Consider another model, given by spherical
geometry: here, space consists of all points on a
sphere in Euclidean space and lines are great
circles on that sphere. Distance is the normal
arclength of circles as measured in Euclidean
geometry, and angles between great circles have
the same measures as the angles made by the
tangent lines to these curves at the vertex.

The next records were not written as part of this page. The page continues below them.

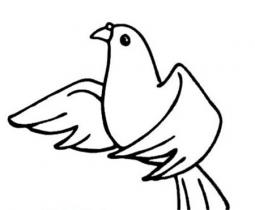 和平的使者 和平鸽简笔画图片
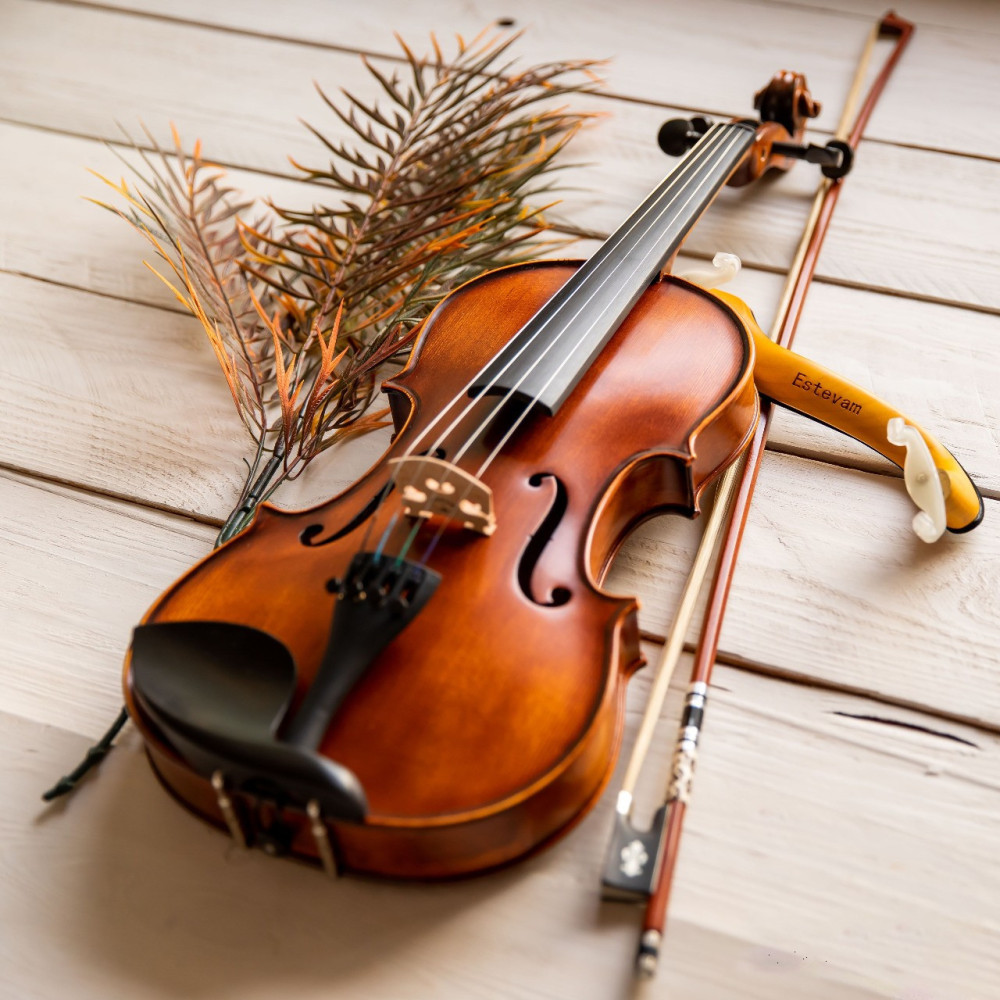 Estevam ESV-I 4/4 Violin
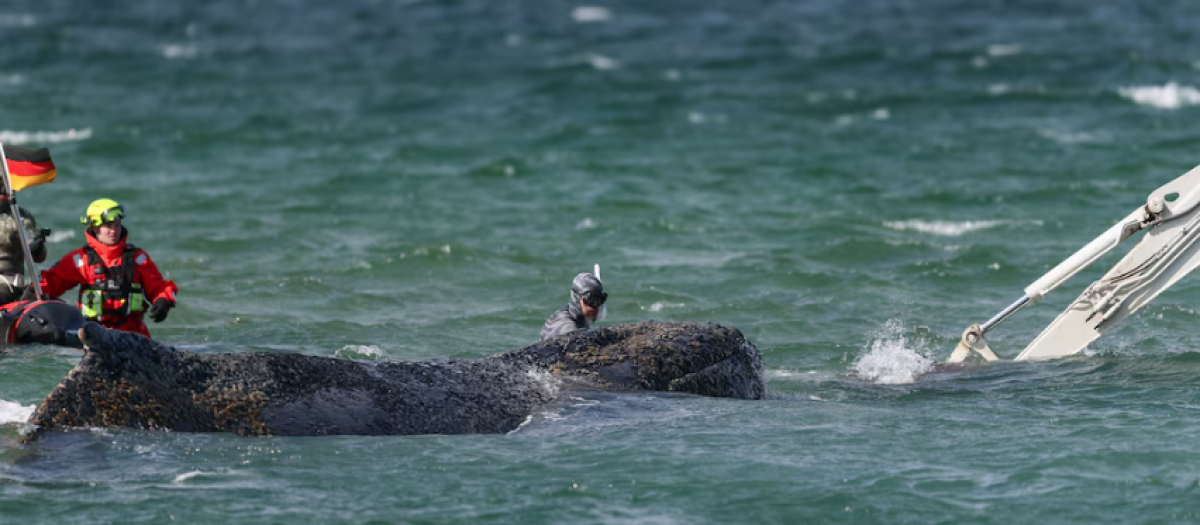 Ballena varada en Alemania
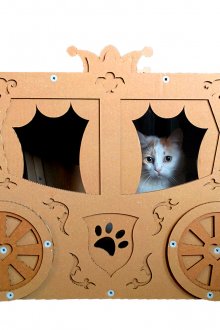 Cat's house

While
axiom I-1 fails in this geometry (in fact, some pairs
of points lie on infinitely many distinct lines!),
axiom I-5 and the distance and angle axioms do
hold. However, the exterior angle property does
not (see Figure 3.31, p. 155).
In both models, while the exterior angle property
fails, it fails in the same way, namely, in every
case, the exterior angle is never smaller than the
sum of the measures of the opposite interior angles.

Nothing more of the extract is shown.